═══ INFORMATION PROVIDED ═══

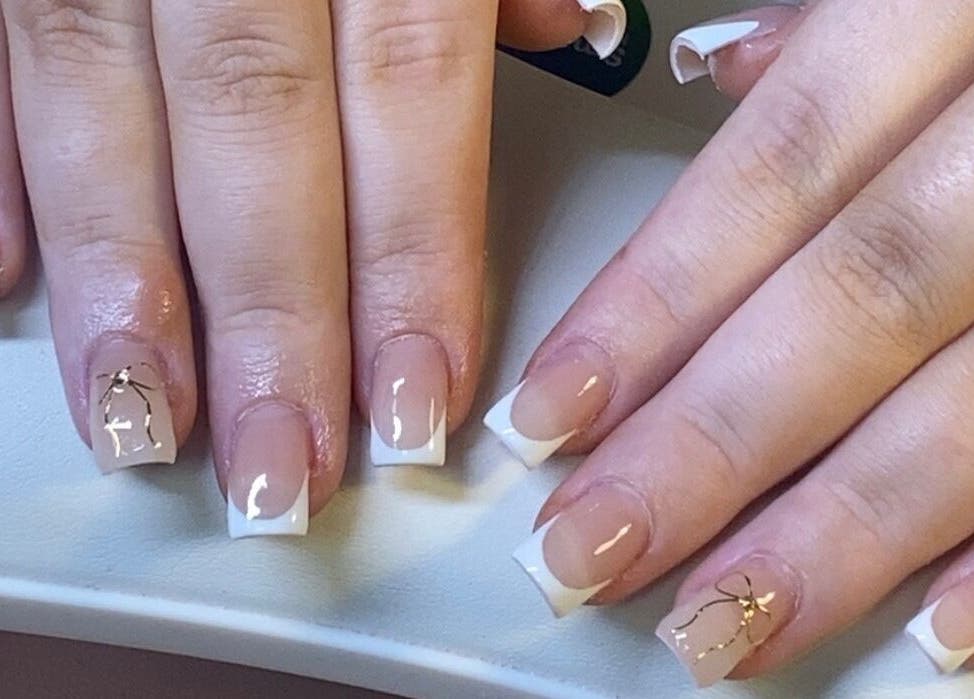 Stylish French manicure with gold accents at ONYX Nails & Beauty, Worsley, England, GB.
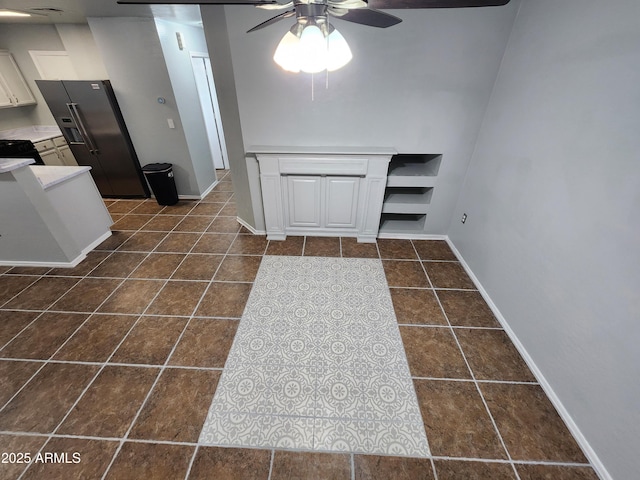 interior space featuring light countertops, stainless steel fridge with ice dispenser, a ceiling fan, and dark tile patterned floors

═══
═══ INFORMATION PROVIDED ═══

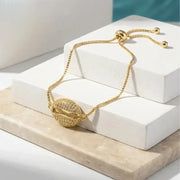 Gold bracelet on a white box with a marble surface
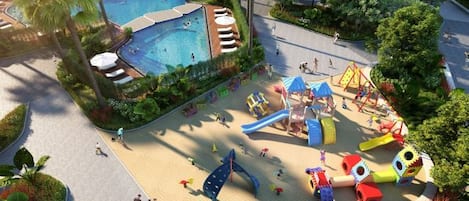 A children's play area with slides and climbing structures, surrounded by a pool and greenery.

═══

PROBLEM DETAILS » Give the lines above again exactly, from the one containing "Gold bracelet on" to the one containing "A children's play", both included, but leave out the pictures.

FINISHED TASK »
 Gold bracelet on a white box with a marble surface
 A children's play area with slides and climbing structures, surrounded by a pool and greenery.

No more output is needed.